Polizei stellt Beweise sicher:Erneut Razzia bei "Reichsbürgern"

Zwei Plieninger betreiben Werkstatt für Fantasiedokumente

Von Clara Lipkowski, Pliening

Die Kriminalpolizei hat die sogenannte "Reichsbürger-WG" in Pliening zum fünften Mal durchsucht. Mitte März hätten etwa zehn Beamte in den frühen Morgenstunden das Gebäude im Ortsteil Landsham betreten, teilte das Polizeipräsidium Oberbayern Nord am Mittwochmorgen auf Nachfrage der SZ mit. "Ziel der Polizeiaktion war es, Beweismittel sicherzustellen, die den vorliegenden Tatverdacht der gewerbs- und bandenmäßigen Urkundenfälschung und Amtsanmaßung weiter untermauern", sagte Präsidiumsleiter Hans-Peter Kammerer. Die beiden Bewohner der WG waren in der Vergangenheit immer wieder aufgefallen - und verurteilt worden - weil sie Fantasiedokumente herstellten und vertrieben, auch an Käufer außerhalb des Landkreises, die dafür ebenfalls teils belangt wurden.

Auch dieses Mal stellten die Beamten falsche Urkunden, Datenträger, einen PC und Bargeld sicher. "Die Durchsuchung selbst verlief ohne Zwischenfälle", sagte Kammerer, zur Sache äußern wollten sich die beiden jedoch nicht. "Die Auswertung der Unterlagen und Datenträger dauert an", sagte er. Im September 2018 hatte sich die Gruppierung von "Bundesstaat Bayern" in "Volksstaat Bayern" umbenannt - für die Polizei ein Zeichen, dass sie nach wie vor aktiv ist. Im Internet wirbt sie mit dem Slogan: "Holen Sie sich Ihre Staatsangehörigkeit in Bayern zurück!" Sie erkennt den Personalausweis nicht an, argumentiert, sie sei kein "Personal" der BRD und pocht darauf, dass das Deutsche Reich mit seiner Verfassung von 1871 fortbestehe. Die Website ist offen zugänglich. "Da sind wir dran", sagte Kammerer, doch sei es schwierig, dem Betreiber habhaft zu werden, da dieser die Seite offenbar aus dem Ausland steuere. Das wiederum zeige, wie vernetzt die Plieninger seien.

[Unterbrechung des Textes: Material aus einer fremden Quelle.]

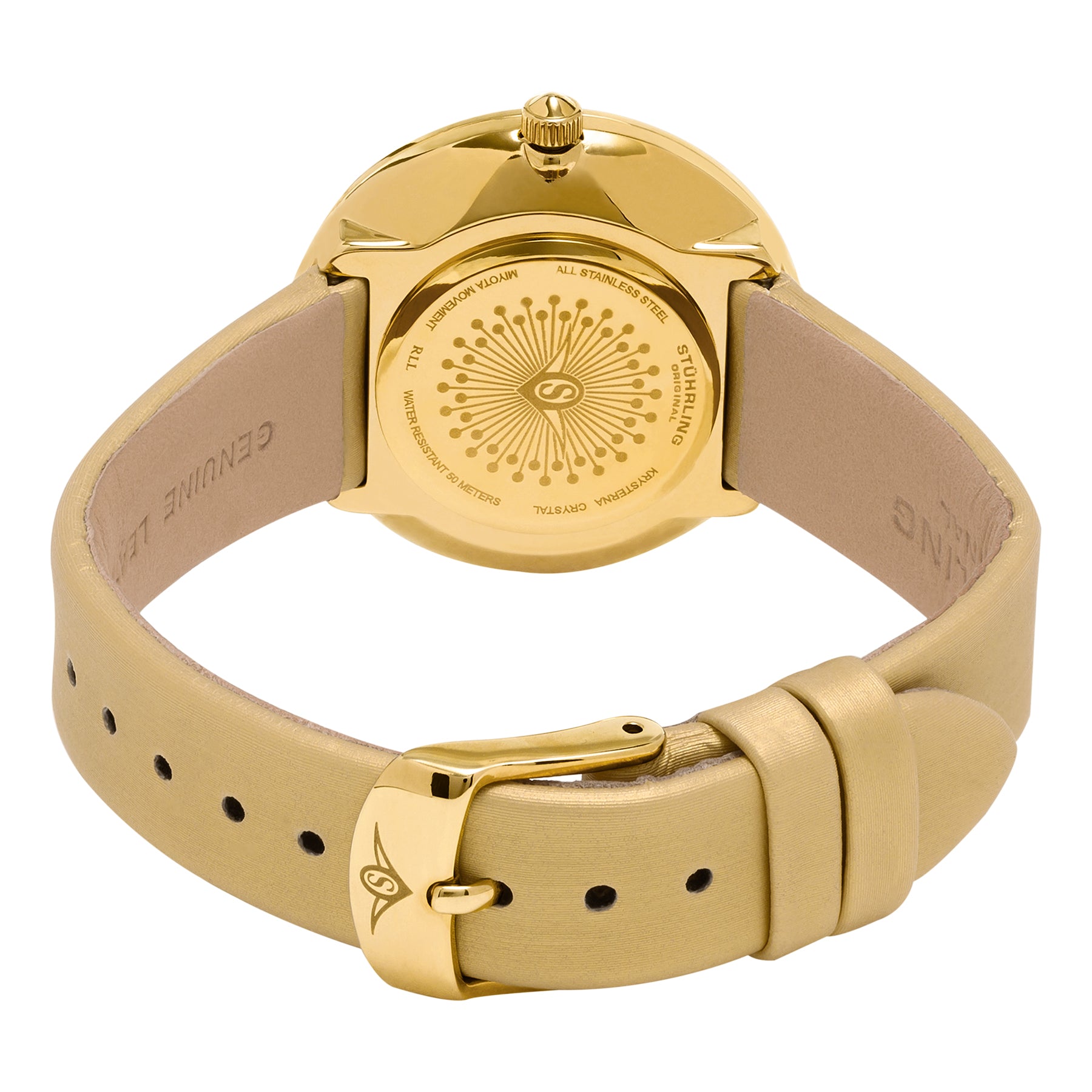 Vogue Yellow Leather | Silver Dial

Dass sich die "Reichsbürger" nach der neuerlichen Durchsuchung reuig zeigen oder ihre Urkundenfälschungen aufgeben, hält Kammerer für unwahrscheinlich. Es "besteht der dringende Tatverdacht, dass die Beschuldigten wenig beeindruckt weiter strafbare Handlungen begehen." Ihnen droht eine erneute Anklage durch die Staatsanwaltschaft, eine neuerliche Verurteilung kann eine hohe Geldstrafe oder Freiheitsstrafe bis zu zehn Jahre bedeuten.

Zuletzt hatte die Polizei im April 2018 das Gebäude durchsucht. Schon damals stellten die Beamten ein Siegel, das offenbar zur Herstellung falscher Dokumente diente, ein Faxgerät, zwei PC und mehrere Monitore sicher. Im Kreis Ebersberg sind der Polizei zurzeit 41 Personen aus der Szene bekannt. Davon zählen derzeit sechs Personen zum "harten Kern": Sie stellen eigene Dokumente her oder wenden sich wiederholt mit reichsbürgertypischen Schreiben an Behörden, etwa um finanzielle Forderungen zurückzuweisen. Eine dieser Personen stuft die Polizei als rechtsextrem ein, einer Person wurde die Waffenerlaubnis wegen ihrer Zugehörigkeit zur Reichsbürgerszene aberkannt. "Die Person gab ihre Waffen freiwillig ab", so Kammerer.

Bislang wurden elf Personen aus der Szene vom Amtsgericht Ebersberg rechtskräftig wegen der Mittäterschaft zur Urkundenfälschung und Beihilfe zur Amtsanmaßung verurteilt. Die Geldstrafen lagen jeweils zwischen 900 und 20 000 Euro und insgesamt bei 53 000 Euro.